Transcribe the listing verbatim. Do not carry over any pictures.

SOURCE DATA Block Start

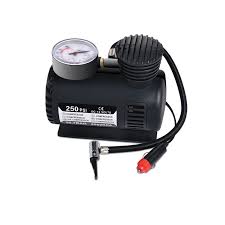 air pump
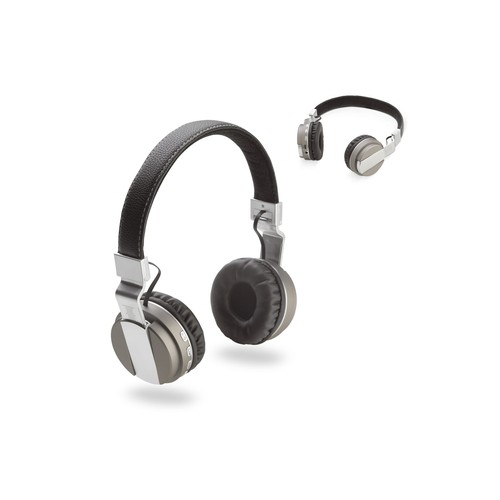 On-ear Headphones G50 Wireless - 1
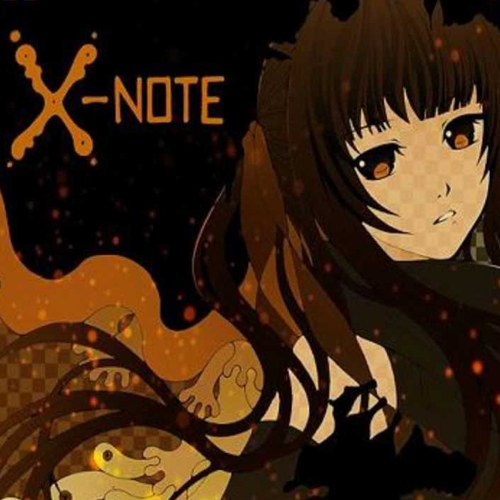 X-note Key Kaufen Preisvergleich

SOURCE DATA Block End

ANSWER BELOW
 air pump
 On-ear Headphones G50 Wireless - 1
 X-note Key Kaufen Preisvergleich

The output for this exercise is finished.